(* Title: HOL/trancl
ID: $Id$
Author: Lawrence C Paulson, Cambridge University Computer Laboratory
Copyright 1992 University of Cambridge
For trancl.thy. Theorems about the transitive closure of a relation
*)
open Trancl;
(** Natural deduction for trans(r) **)
val prems = goalw Trancl.thy [trans_def]
"(!! x y z. [| (x,y):r; (y,z):r |] ==> (x,z):r) ==> trans(r)";
by (REPEAT (ares_tac (prems@[allI,impI]) 1));
qed "transI";
val major::prems = goalw Trancl.thy [trans_def]
"[| trans(r); (a,b):r; (b,c):r |] ==> (a,c):r";
by (cut_facts_tac [major] 1);
by (fast_tac (HOL_cs addIs prems) 1);
qed "transD";
(** Identity relation **)
goalw Trancl.thy [id_def] "(a,a) : id";
by (rtac CollectI 1);
by (rtac exI 1);
by (rtac refl 1);
qed "idI";
val major::prems = goalw Trancl.thy [id_def]
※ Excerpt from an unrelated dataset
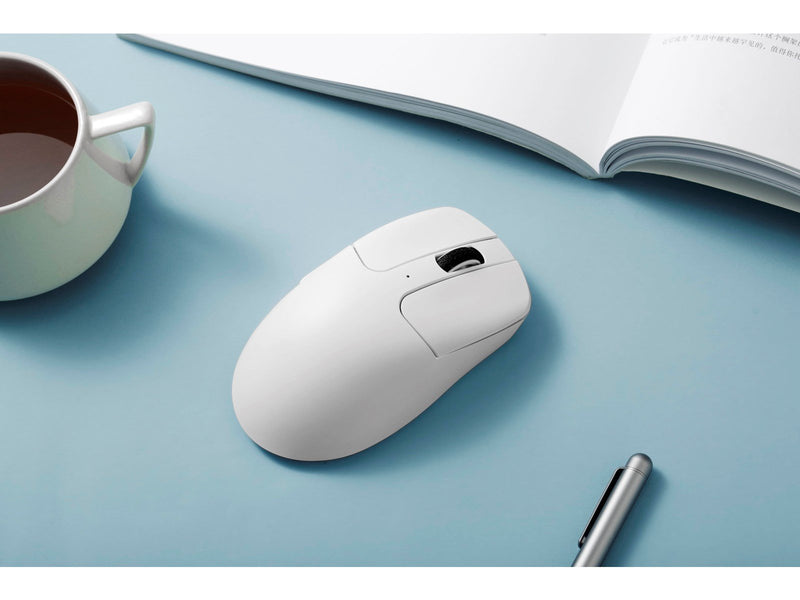 Keychron M2 Wireless - Gaming Maus (Weiß)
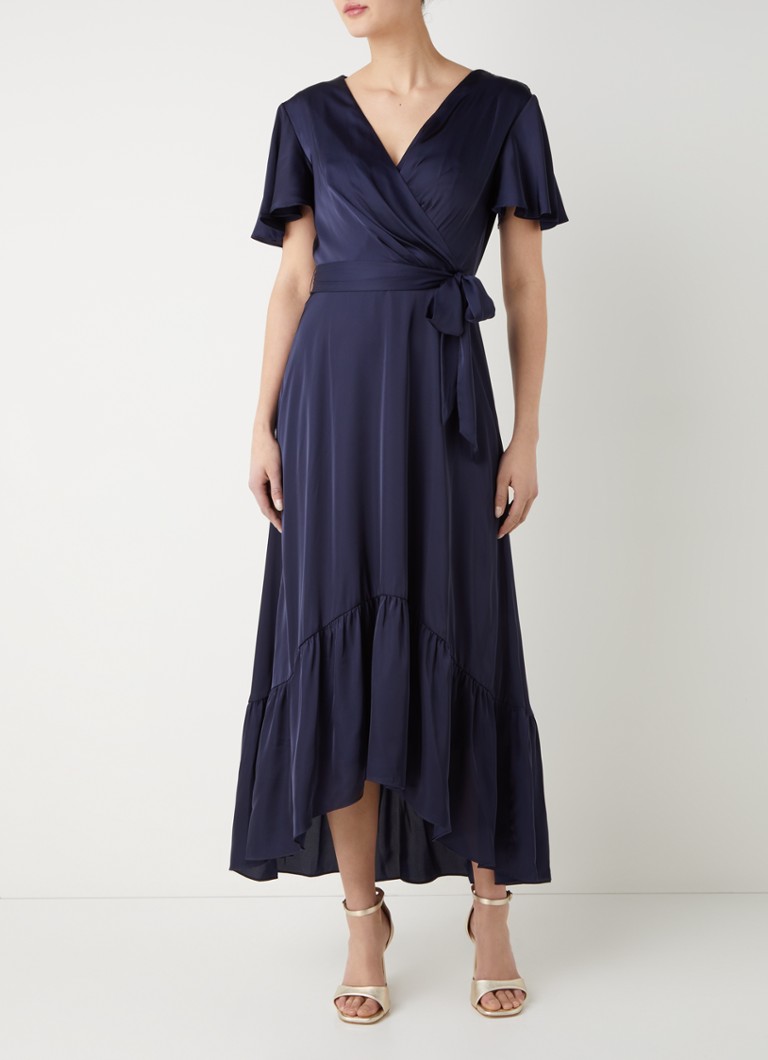 Vestido longo envelope Nancie de cetim da Phase Eight com cinto para amarrar.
"[| p: id; !!x.[| p = (x,x) |] ==> P \
\ |] ==> P";
by (rtac (major RS CollectE) 1);
by (etac exE 1);
by (eresolve_tac prems 1);
qed "idE";
goalw Trancl.thy [id_def] "(a,b):id = (a=b)";
by(fast_tac prod_cs 1);
qed "pair_in_id_conv";
(** Composition of two relations **)
val prems = goalw Trancl.thy [comp_def]
"[| (a,b):s; (b,c):r |] ==> (a,c) : r O s";
by (fast_tac (set_cs addIs prems) 1);
qed "compI";
(*proof requires higher-level assumptions or a delaying of hyp_subst_tac*)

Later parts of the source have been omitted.